Also missing from the SRV catalogs is the studio version of "Superstition". Judging by the video, a studio version does exist. It just has not been given an official release yet on CD.


By Miko Iko on Thursday, September 20, 2001 - 9:20 am:

Benn, the same thing happened to Blonde on Blonde way back when it was originally released on CD. The song that got lopped was "Sad Eyed Lady of the Lowlands". If I remember correctly the disc was released three times at around 70 min., then 72, then 74. Dunno what's happened since then.

I agree with the principal of leaving off a song in lieu of editing another one for space, but would prefer neither.


By Benn on Thursday, September 20, 2001 - 11:07 am:

Gordon Lightfoot's Gord's Gold omits one song entirely. But I don't know the song, and if I ever get curious enough, I'm sure I can find it on its original album.

Last night, I played The Grateful Dead's In the Dark CD. I used to have it on tape. Last night was the first time I really looked at the disc. On the tape was a song called "My Brother Esau". It's not on the CD. I don't think time's a factor in its omission either. There is a Japanese import that has the song on it, though.

By the way, Miko, glad to see you're back.


By kerriem. on Thursday, September 20, 2001 - 12:22 pm:

I own a copy of Gord's Gold too...although I only ever listen to side 2, and nothing's missing there, anyway. I'll check side one next time I get it out.


By Benn on Thursday, September 20, 2001 - 5:43 pm:

I believe the tape is complete. It's the CD that's missing a song. Let me go look at my copy of the disc, and I'll tell you what's missing. See now, it says here, on the back of the CD's jewel box, "The track 'Affair On 8th Avenue' which appears on the double album and cassette has been omitted so as to facilitate a single, specially-priced compact disc." Nice of them to let me know what they cut out.


By Derf on Thursday, September 27, 2001 - 2:41 pm:

NIT: the song Devil With a Blue Dress On

... the song insists that the Devil will wear a blue dress ... why? Is there some satanical quality to the color blue? ... OR, is blue a pacifying color, and therefore needful for the Devil to wear? ... (in order to subdue the veiwers of the blue dress) ... (I dunno ...)


By Benn on Thursday, September 27, 2001 - 3:23 pm:

Is the Devil a transvestite?

Actually, I don't think the song literally means the Devil. I think Mitch Ryder is calling an ex-girlfriend "The Devil". In which case, Satan is a trans-sexual.

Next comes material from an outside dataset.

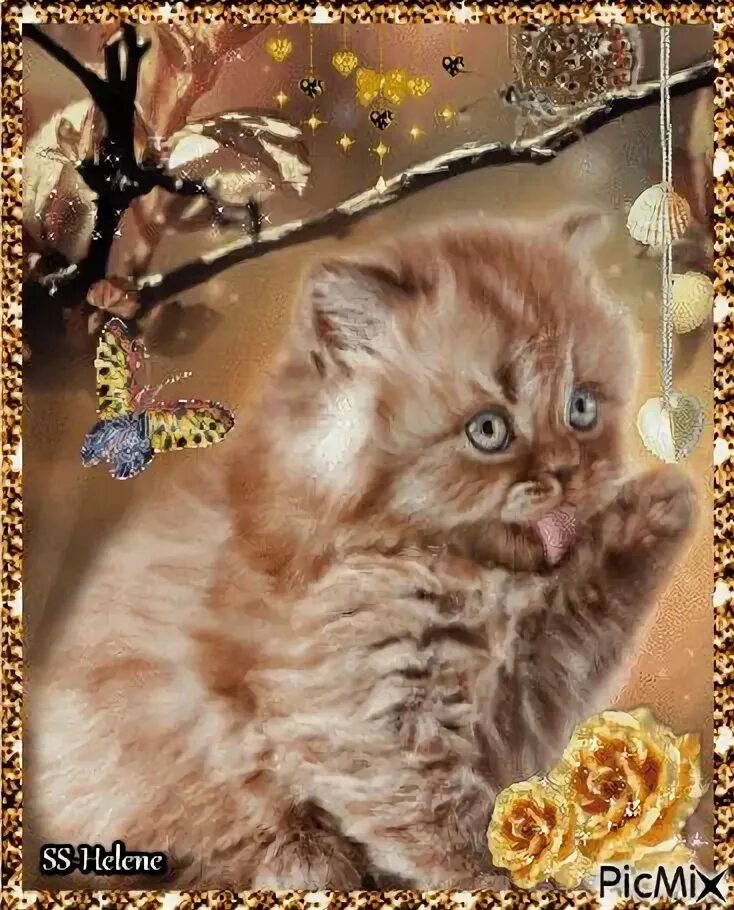 Кошка с мобильником. Самый необычный телефон кошка. Заставка котики. Кошки на телефоне живые. Заставки на телефон прикольные неоновые.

By Derf on Thursday, September 27, 2001 - 4:22 pm:

No ... if you are going to retain the literal meaning of "Devil" ... then what YOU are refering to is "The Devil's Angel" ... and as such, the title of the song would be "Devil's Angel With the Blue Dress On" ... (totally different subject)


By Benn on Thursday, September 27, 2001 - 7:04 pm:

Here's the lyrics, Derf. You decide.

"Devil With A Blue Dress On / Good Golly Miss Molly

Hey, alright, jump up, get it

(chorus) (do twice in the beginning)

Devil with the blue dress, blue dress, blue dress
Devil with the blue dress on

Fe, fe, fi, fi, fo, fo, fum
Look at Molly now, here she come
Wearin' a wig, has the shades to match
Got a-high healed shoes and an aligator hat
Wearin' her pearls and her diamond ring
Got rasors on her fingers and everything

(chorus)
(chorus)

Hey, wearin' her perfume, Chanelle #5
Got to be the finest girl alive
You walk real cool, makin' everybody die
They got to be nervous, they can't stay high
She's not too skinny, she's not too fat
She's a real humdinger and I like it like that

(chorus)
(chorus)

(bridge)

Good golly Miss Molly, so glad you phoned
Good golly Miss Molly, so glad you phoned
I like the way you roll me
Don't you hear your mama call

From the early, early morning to the early, early night
See Miss Molly rocking in the house of delight

Good golly Miss Molly, so glad you phoned
I like the way you roll me
Don't you hear your mama call

Wearin' her pearls and her diamond ring
Got rasors on her fingers and everything

(chorus)

Devil with the blue dress, alright
Go sock it to me now."

I'm wrong about the ex-girlfriend angle, but it is definitely not literally "the Devil" the song refers to.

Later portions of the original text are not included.